Eric Malcolm Senior (6 October 1920 – 24 April 1970) was an English first-class cricketer and Royal Air Force officer. Senior served in the latter stages of the Second World War with the Royal Air Force, in addition to playing first-class cricket for the Combined Services cricket team.

Senior was born at Shaftesbury in Dorset. He debuted in minor counties cricket for Oxfordshire in the 1939 Minor Counties Championship, playing in two matches. He joined the Royal Air Force in the latter stages of the Second World War as a pilot officer. Following the war, he a handful of minor counties matches for Oxfordshire in 1946. Remaining in the Royal Air Force after the war, he was promoted to the rank of flying officer in May 1946. He became a flight lieutenant in October 1950, with promotion to squadron leader in March 1956. He appeared for Lincolnshire in minor counties cricket in 1957 and 1958.

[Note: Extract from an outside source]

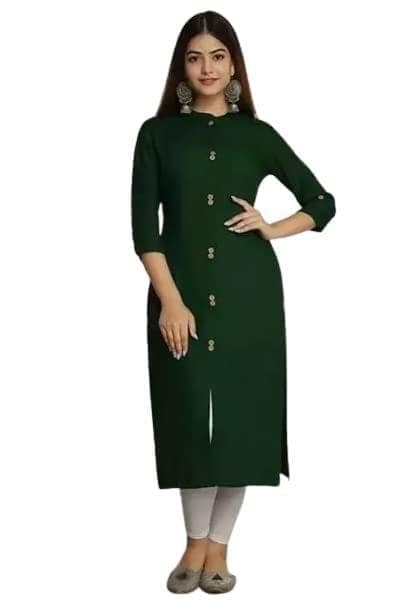 MANMAYEE Indian Tunic Top Women's Rayon Button in Front Design Straight Kurti | Straight Kurti view 6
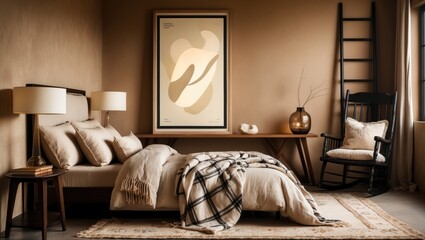 Cozy bedroom space featuring a mock-up poster frame, large bed, beige bedding, plaid blanket, lamps, wooden stands, black ladder, beige rug, and a wall with stucco along with personal accessories. ...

Senior retired from active service at his own request in October 1961, five months after appearing in a first-class cricket match for the Combined Services cricket team against Nottinghamshire at Trent Bridge. Senior scored one run in the match, which saw him dismissed by Roger Vowles in the Combined Services first-innings, and by Ian Davison in their second-innings.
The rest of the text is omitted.